The accountants, by contrast, most often conflated in the ill-fitting made-to-measure suit that nobody really wants called ‘Professional Services’, quite literally cannot provide all of their services to the company. You cannot be Audit and Tax advisors to the same company. Period. Thanks Enron! But even when you could, your Devilish Accountamancy would only cover all the financial and business infrastructure of your client company.

Lawyers do not have that luxury. Acting for a small manufacturing company, say, you’d be providing Corporate advice for the company’s acquisitions or disposals, a range of Commercial services, things like Intellectual Property, Data Privacy and Tax. You’d have to be able to advise on Property, including Planning, when the company wanted to expand. Possibly Environmental law when it wants to reclaim that old, contaminated bit of the site. And the people-related stuff – Employment law and Health & Safety being paramount, but also Pensions and Employee Benefits.

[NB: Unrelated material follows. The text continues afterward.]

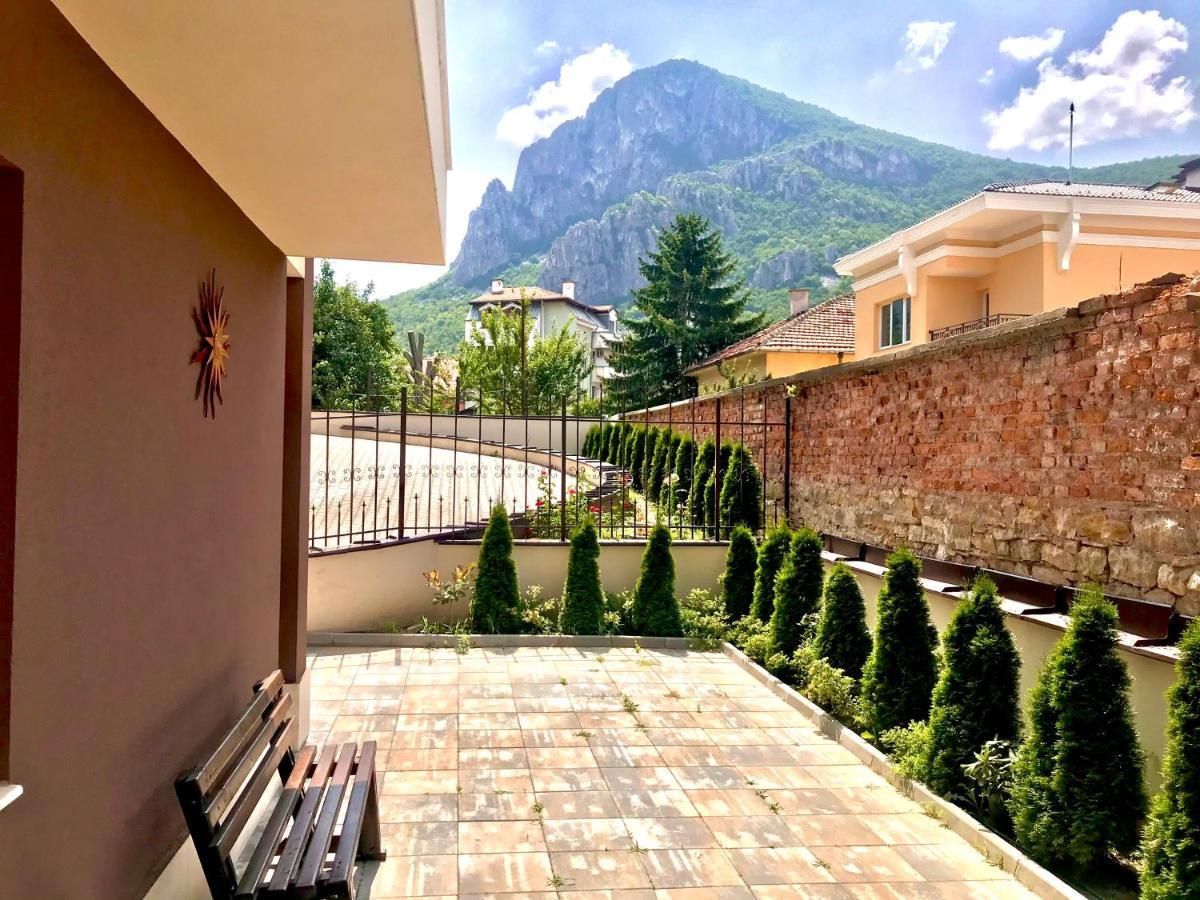 Apartment Comfort Luxury Vratsa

The curse of the law firm is the work tap all too-often isn’t constant. It’s not tax advisory work every week, or audit every year, or business consultancy on a continuous basis, but dipping in and out of this, maybe not having any meaningful interface between one part of your business (litigation, say) and the client for years, only for a “bet the farm” issue to crop up where all that client relationship management stuff will finally pay off.

If you want to be a true general service adviser, you have no option but to cover the waterfront and that is expensive, because you can’t staff your firm with generalist advisers; few lawyers can cover Corporate, Property and Commercial, for instance, and certainly not with any level of sophistication, and with very heightened risk. The more of a generalist you are, the greater the risk of missing something which could prove catastrophic, the further out of your depth you become as your client grows and becomes more sophisticated.

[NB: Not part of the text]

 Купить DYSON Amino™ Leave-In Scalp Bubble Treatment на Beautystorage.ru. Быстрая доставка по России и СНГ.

That is the conundrum for Law, it’s what keeps lawyers up at night, and as the sector has developed, many traditional general service firms have gone out of business or been forced into mergers by larger, more sophisticated rivals able to do everything bigger and better, and to keep developing every aspect of their offering in line with market changes.

At the same time, a few specialist disciplines have developed to the extent that niche or super-niche practices have come into being. It’s difficult to maintain a top class Pensions practice in London, for instance, when there is a super-niche Pensions firm packed with many of the stars of the sector to which you can effectively sub-contract the work without any fear of losing other bits of the business you provide to your client. That allows clients to more effectively pick-and-mix their services, but it takes a sophisticated buyer to get the best out of this, and few do it that well, efficiently or effectively, especially outside Big Business.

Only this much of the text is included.